Junning Shi v. Eric H. Holder Jr.
Opinion
MEMORANDUM **
Junning Shi, a native and citizen of China, petitions pro se for review of the Board of Immigration Appeals’ (“BIA”) order denying his motion to reopen. We have jurisdiction under 8 U.S.C. § 1252. We review for abuse of discretion the denial of a motion to reopen. Toufighi v. Mukasey, 538 F.3d 988, 992 (9th Cir. 2008). We dismiss in part and deny in part the petition for review.
To the extent Shi seeks to challenge the BIA’s 2003 order affirming the immigration judge’s decision denying Shi’s application for asylum, withholding of removal, and relief under the Convention Against Torture, we lack jurisdiction because Shi’s petition for review is untimely as to that decision. See 8 U.S.C. § 1252(b)(1); Membreno v. Gonzales, 425 F.3d 1227, 1229 (9th Cir. 2005) (en banc).
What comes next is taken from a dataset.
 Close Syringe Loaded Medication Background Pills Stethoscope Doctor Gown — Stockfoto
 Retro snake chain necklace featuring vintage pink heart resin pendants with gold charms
The BIA did not abuse its discretion in denying Shi’s motion to reopen, because it was untimely, see 8 C.F.R. § 1003.2(c)(2), and Shi failed to present sufficient evidence of changed circumstances in order to qualify for the regulatory exception to the time limit for filing motions to reopen, 8 C.F.R. § 1003.2(c)(3)(ii); see also Toufi-ghi, 538 F.3d at 996-97 (requiring movant to produce material evidence with motion to reopen that conditions in country of nationality had changed).
PETITION FOR REVIEW DISMISSED in part; DENIED in part.
This disposition is not appropriate for publication and is not precedent except as provided by 9th Cir. R. 36-3.